The first political magazine, called the Review, appeared in London in 1704. Edited by political activist and novelist Daniel Defoe (author of Robinson Crusoe), the Review was printed sporadically until 1713. Like the Nation, the National Review, and the Progressive in the United States today, early European magazines were channels for political commentary and argument. These periodicals looked like newspapers of the time, but they appeared less frequently and were oriented toward broad domestic and political commentary rather than recent news.

Regularly published magazines or pamphlets, such as the Tatler and the Spectator, also appeared in England around this time. They offered poetry, politics, and philosophy for London’s elite, and they served readerships of a few thousand. The first publication to use the term magazine was Gentleman’s Magazine, which appeared in London in 1731 and consisted of reprinted articles from newspapers, books, and political pamphlets. Later, the magazine began publishing original work by such writers as Defoe, Samuel Johnson, and Alexander Pope.

Magazines in Colonial America

Without a substantial middle class, widespread literacy, or advanced printing technology, magazines developed slowly in colonial America. Like the partisan newspapers of the time, these magazines served politicians, the educated, and the merchant classes. Paid circulations were low—between one hundred and fifteen hundred copies. However, early magazines did serve the more widespread purpose of documenting a new nation coming to terms with issues of taxation, state versus federal power, Indian treaties, public education, and the end of colonialism. George Washington, Alexander Hamilton, and John Hancock all wrote for early magazines, and Paul Revere worked as a magazine illustrator for a time.
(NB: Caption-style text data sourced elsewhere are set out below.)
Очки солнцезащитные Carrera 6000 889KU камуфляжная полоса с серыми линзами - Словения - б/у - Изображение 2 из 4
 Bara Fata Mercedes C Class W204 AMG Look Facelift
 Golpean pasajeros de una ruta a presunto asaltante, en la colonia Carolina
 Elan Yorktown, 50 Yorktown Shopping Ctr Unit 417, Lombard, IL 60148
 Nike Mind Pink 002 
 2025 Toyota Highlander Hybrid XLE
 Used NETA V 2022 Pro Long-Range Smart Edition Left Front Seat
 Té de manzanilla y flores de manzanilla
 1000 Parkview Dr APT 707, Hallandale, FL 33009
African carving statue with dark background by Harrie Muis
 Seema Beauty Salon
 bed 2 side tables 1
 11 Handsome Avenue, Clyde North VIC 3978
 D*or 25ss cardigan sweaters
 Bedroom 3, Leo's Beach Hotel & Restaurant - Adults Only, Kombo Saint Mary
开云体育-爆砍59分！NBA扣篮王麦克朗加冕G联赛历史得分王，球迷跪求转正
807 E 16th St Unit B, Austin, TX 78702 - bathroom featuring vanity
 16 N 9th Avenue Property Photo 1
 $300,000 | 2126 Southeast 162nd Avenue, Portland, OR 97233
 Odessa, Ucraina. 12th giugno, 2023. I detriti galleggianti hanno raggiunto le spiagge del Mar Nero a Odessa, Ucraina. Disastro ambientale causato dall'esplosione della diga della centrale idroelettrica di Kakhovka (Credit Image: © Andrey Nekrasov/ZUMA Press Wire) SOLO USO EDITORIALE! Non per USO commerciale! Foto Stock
The first colonial magazines appeared in Philadelphia in 1741, about fifty years after the first newspapers. Andrew Bradford started it all with American Magazine, or A Monthly View of the Political State of the British Colonies. Three days later, Benjamin Franklin’s General Magazine and Historical Chronicle appeared. Bradford’s magazine lasted only three monthly issues, due to circulation and postal obstacles that Franklin, who had replaced Bradford as Philadelphia’s postmaster, put in its way. For instance, Franklin mailed his magazine without paying the high postal rates that he subsequently charged others. Franklin’s magazine primarily duplicated what was already available in local papers. After six months it, too, stopped publication.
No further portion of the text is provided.